- _Work required_
Your answer must be only the lines below from the one containing "Slide: The Image of Aviara AV 32 2023 - 18" through the one containing "Білий Форд Транзит, об'ємом", copied exactly, with the pictures left out.

- _Dataset records_
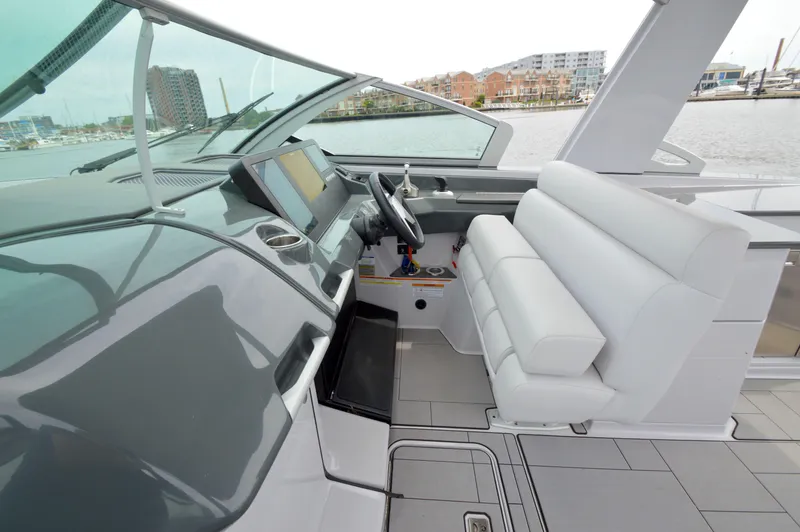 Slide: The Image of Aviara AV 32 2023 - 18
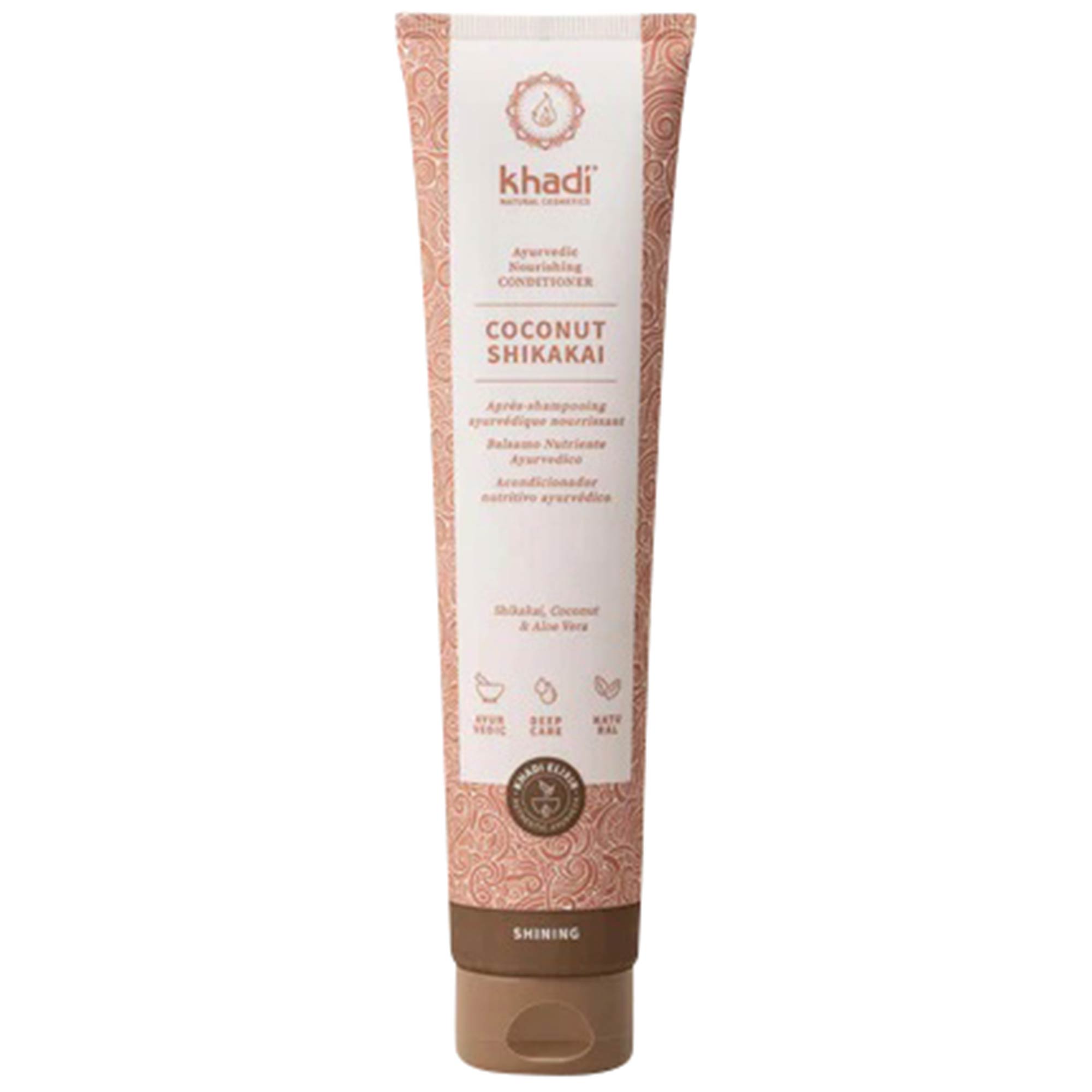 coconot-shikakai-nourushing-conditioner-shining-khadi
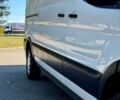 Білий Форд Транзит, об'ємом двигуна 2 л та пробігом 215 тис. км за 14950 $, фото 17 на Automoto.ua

* * *

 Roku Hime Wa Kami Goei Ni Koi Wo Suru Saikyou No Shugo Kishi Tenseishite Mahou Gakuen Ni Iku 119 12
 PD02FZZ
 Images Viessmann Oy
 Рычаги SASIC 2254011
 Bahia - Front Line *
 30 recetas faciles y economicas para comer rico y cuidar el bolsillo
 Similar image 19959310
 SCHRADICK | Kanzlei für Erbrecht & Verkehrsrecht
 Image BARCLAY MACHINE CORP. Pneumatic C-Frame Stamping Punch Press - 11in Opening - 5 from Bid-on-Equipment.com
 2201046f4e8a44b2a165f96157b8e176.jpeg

- _Reply to the task_
 Slide: The Image of Aviara AV 32 2023 - 18
 coconot-shikakai-nourushing-conditioner-shining-khadi
 Білий Форд Транзит, об'ємом двигуна 2 л та пробігом 215 тис. км за 14950 $, фото 17 на Automoto.ua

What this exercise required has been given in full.